The critique was delivered to them by Shaun Harper, a professor of education at the University of Southern California, who leads a project that has for several years been directly asking thousands of students at dozens of US institutions about the racial atmosphere on their campuses.
A central message from that on-the-ground work, Professor Harper told Sheeo delegates, was that college leaders and experts dwell on data detailing incremental shifts in such statistics as low-income and minority enrolment rates, but often overlook the far more consequential question of how people are treated in everyday campus life.
Professor Harper, executive director of the USC Race and Equity Center, said the tendency amounted to trying to solve racial biases with policies that do not actually focus on race.

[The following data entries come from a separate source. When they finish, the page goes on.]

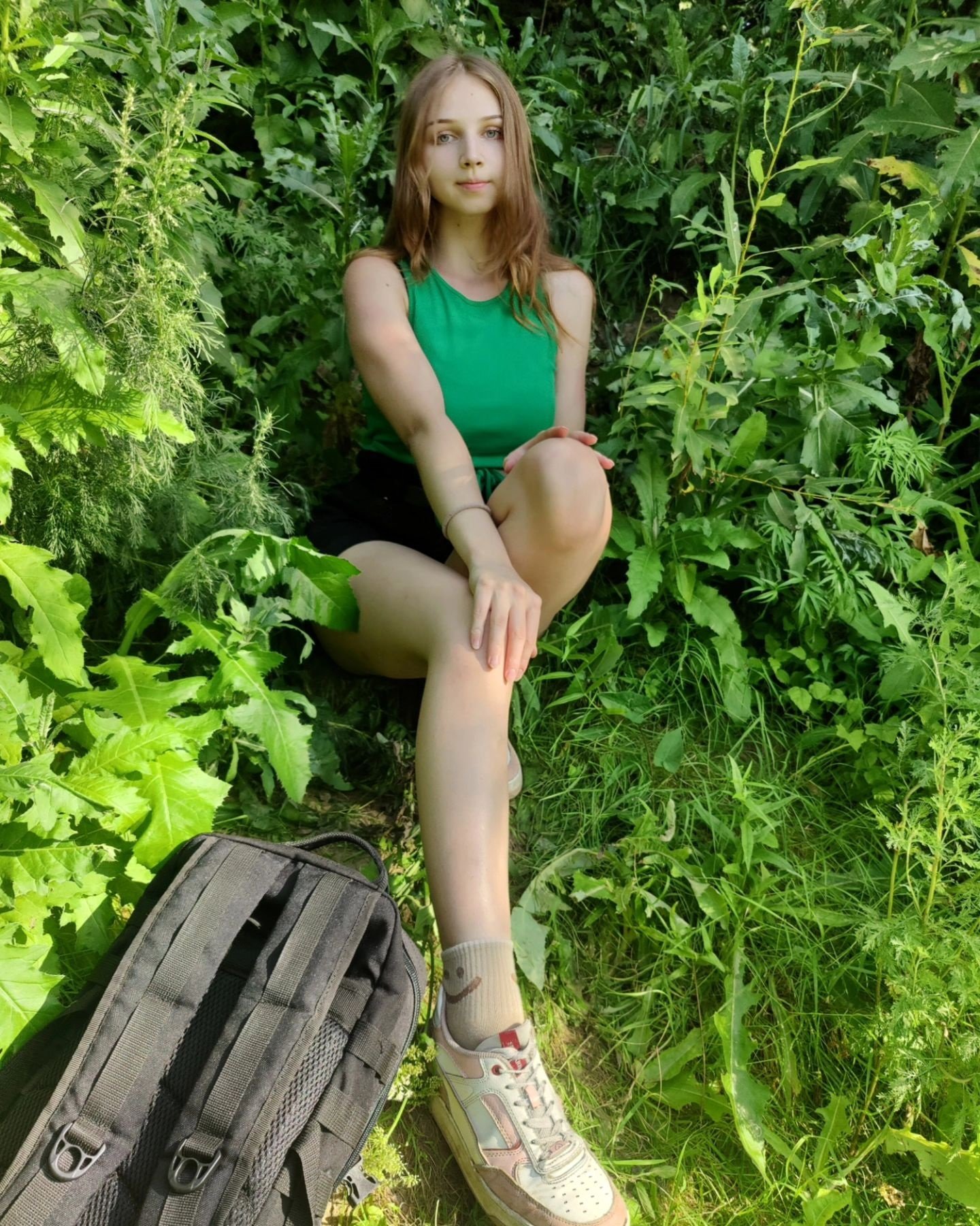 Qesastop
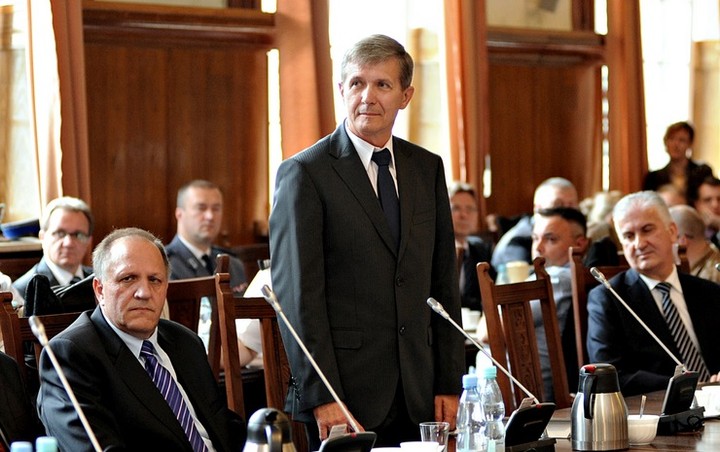 Sławomir Malinowski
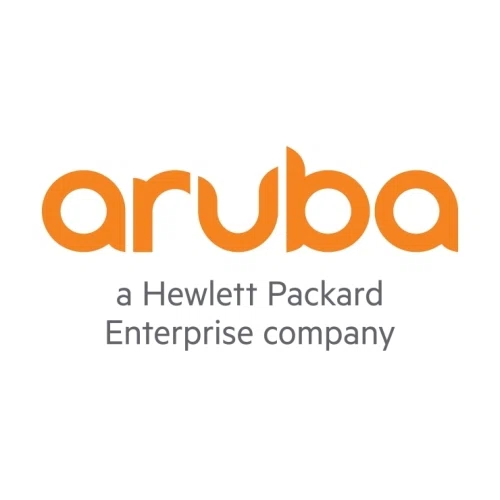 Aruba Wireless Networks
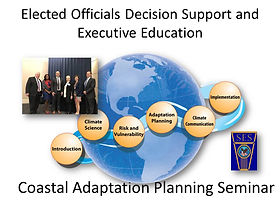 Elected OfficialsDesicion Support2 .jpg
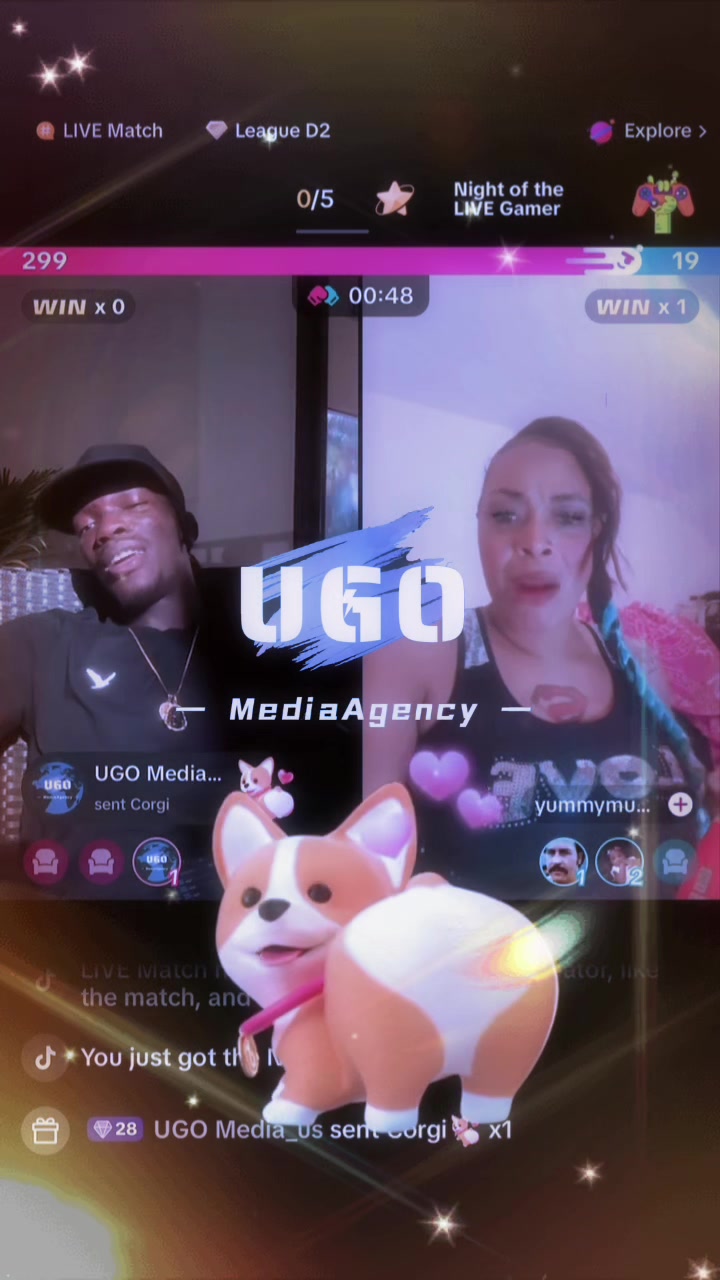 @ugo_nana
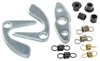 High-Performance HEI Ignition Tune-Up Kit Fits Small Block Chevy - image 4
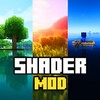 Realistic Shader Mod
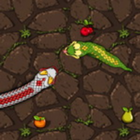Snake Attack Offline icon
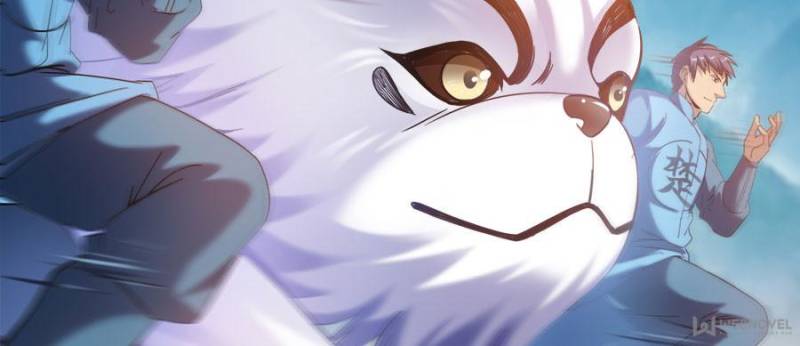 Page 10 of Chapter 238
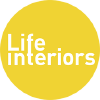 Lifeinteriors.com.au logo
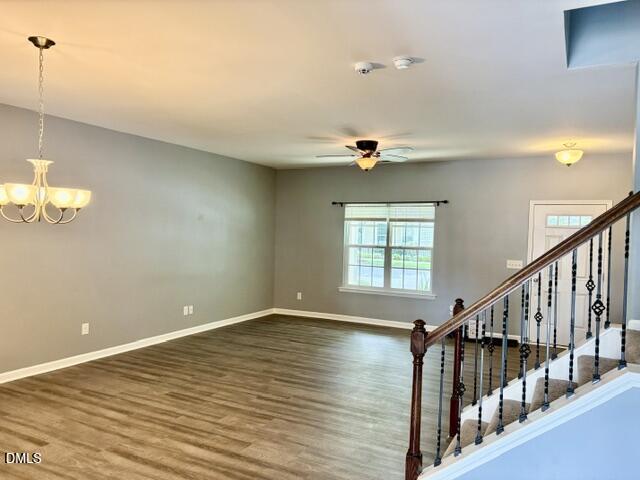 939 Ileagnes Road Property Photo 7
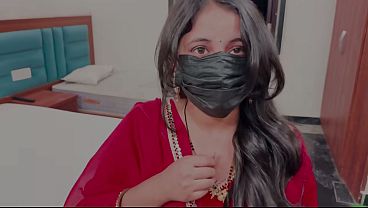 This Naughty Nurse Loves To Deep-throat Every Hard Cock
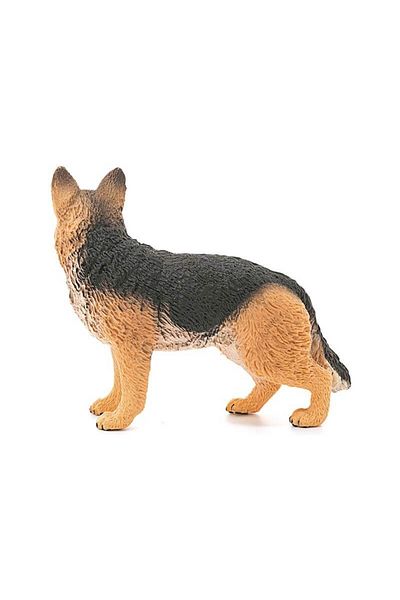 SCHLEICH Figurina Schleich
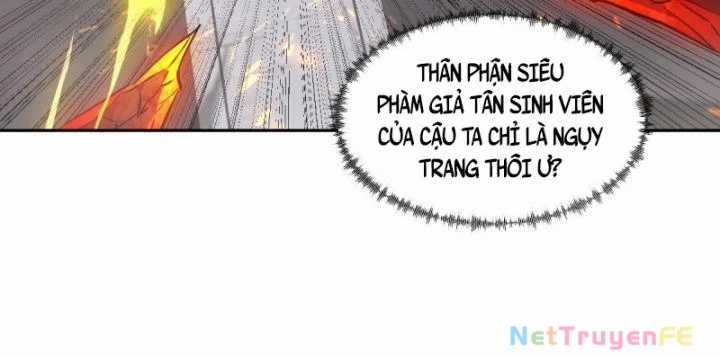 Tay Trái Của Ta Có Thể Dị Biến Chapter 32 trang 78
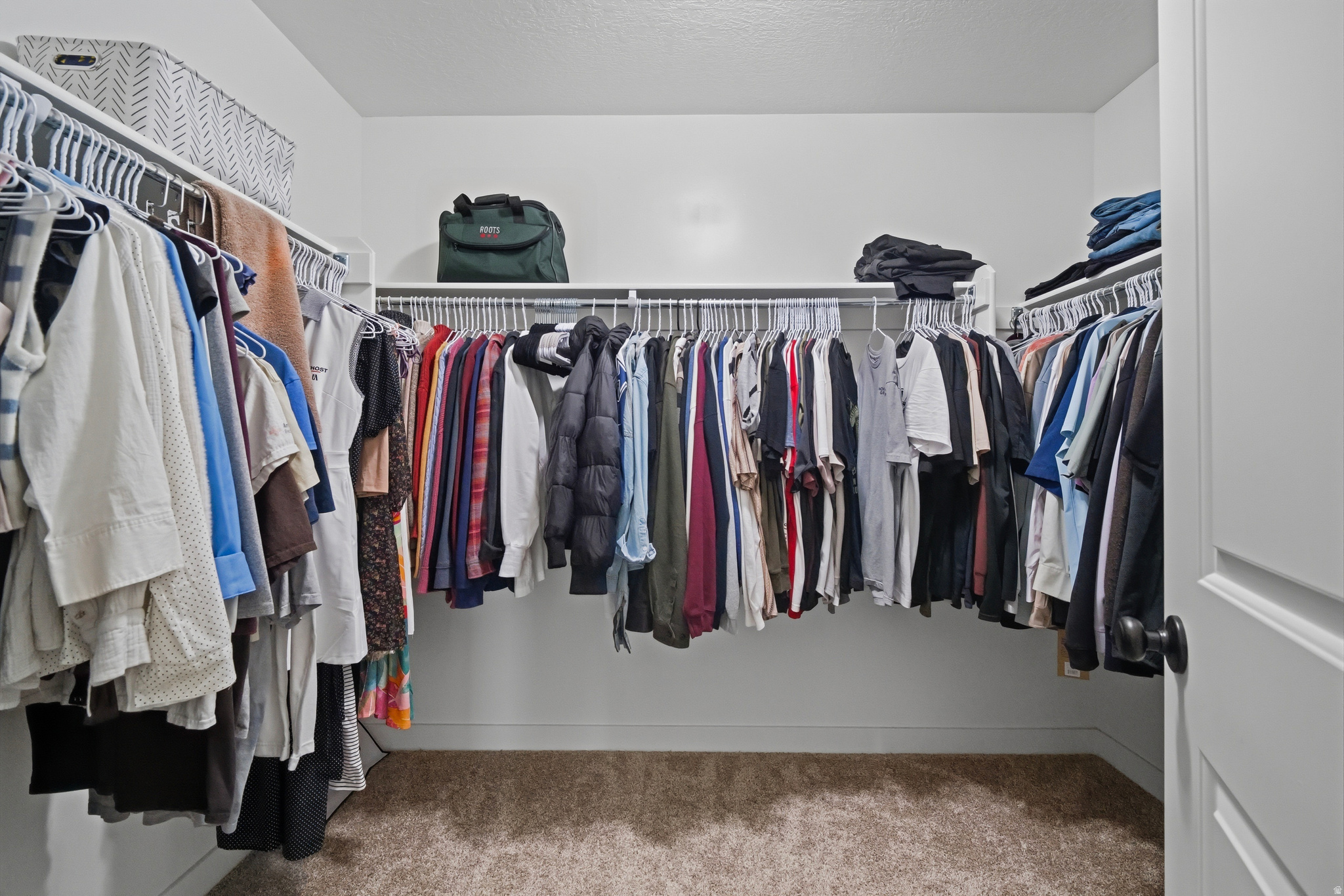 STILL WATER SUBDIVISION - Residential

“When we avoid talking about and dealing with race and racism and racist cultures and norms, we become complicit in the sustaining of racism in America,” Professor Harper told Sheeo, whose members are the heads of the nation’s state university systems and statewide higher education policy boards.
“I need not tell you that the work that you all do is so enormously consequential – it literally affects millions of lives,” he told the leaders. “Doing it in a raceless way means that the racism that disadvantages communities of colour – you may have played some part in that.”
Professor Harper delivered the opening keynote for a three-day agenda focused heavily on racial equity. For the closing, Sheeo invited Anthony Jack, an assistant professor of education at Harvard University, whose research explores the often-hidden variations in race and family backgrounds among lower-income college students and the complicated equity problems those circumstances can pose.
Professor Harper’s campus climate assessments compiled interviews with more than 2,000 academic staff and 10,000 students at 59 colleges and universities, until the work became so popular in the era of Donald Trump and the George Floyd killing that he had to switch to more traditional mass survey tools.
“The past six years have been unusually intense for us, as the racial climate of the country has spilled over on to college and university campuses,” he told Sheeo leaders. “It compelled lots of very distressed college presidents, provosts and vice-presidents for assorted things to pick up the phone and ask, quite desperately, ‘How fast can you get here?’”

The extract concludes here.